▶ [Your goal]: Return the whole of the data exactly.

Top of Data extract

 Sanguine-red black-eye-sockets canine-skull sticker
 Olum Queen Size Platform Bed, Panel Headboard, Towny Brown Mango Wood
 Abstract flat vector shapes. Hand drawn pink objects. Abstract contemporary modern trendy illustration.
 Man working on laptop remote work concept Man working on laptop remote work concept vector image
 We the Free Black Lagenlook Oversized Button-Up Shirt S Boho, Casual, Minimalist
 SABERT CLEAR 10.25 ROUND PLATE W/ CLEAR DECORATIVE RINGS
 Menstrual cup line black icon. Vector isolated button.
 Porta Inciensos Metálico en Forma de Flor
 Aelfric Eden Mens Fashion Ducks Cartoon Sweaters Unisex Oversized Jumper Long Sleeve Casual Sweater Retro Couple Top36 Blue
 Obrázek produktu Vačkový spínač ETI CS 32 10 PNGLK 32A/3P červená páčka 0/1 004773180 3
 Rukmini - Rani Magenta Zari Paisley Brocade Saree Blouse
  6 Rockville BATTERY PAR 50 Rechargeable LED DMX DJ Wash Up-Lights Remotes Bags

Bottom of Data extract

▶ [Task result]:
 Sanguine-red black-eye-sockets canine-skull sticker
 Olum Queen Size Platform Bed, Panel Headboard, Towny Brown Mango Wood
 Abstract flat vector shapes. Hand drawn pink objects. Abstract contemporary modern trendy illustration.
 Man working on laptop remote work concept Man working on laptop remote work concept vector image
 We the Free Black Lagenlook Oversized Button-Up Shirt S Boho, Casual, Minimalist
 SABERT CLEAR 10.25 ROUND PLATE W/ CLEAR DECORATIVE RINGS
 Menstrual cup line black icon. Vector isolated button.
 Porta Inciensos Metálico en Forma de Flor
 Aelfric Eden Mens Fashion Ducks Cartoon Sweaters Unisex Oversized Jumper Long Sleeve Casual Sweater Retro Couple Top36 Blue
 Obrázek produktu Vačkový spínač ETI CS 32 10 PNGLK 32A/3P červená páčka 0/1 004773180 3
 Rukmini - Rani Magenta Zari Paisley Brocade Saree Blouse
  6 Rockville BATTERY PAR 50 Rechargeable LED DMX DJ Wash Up-Lights Remotes Bags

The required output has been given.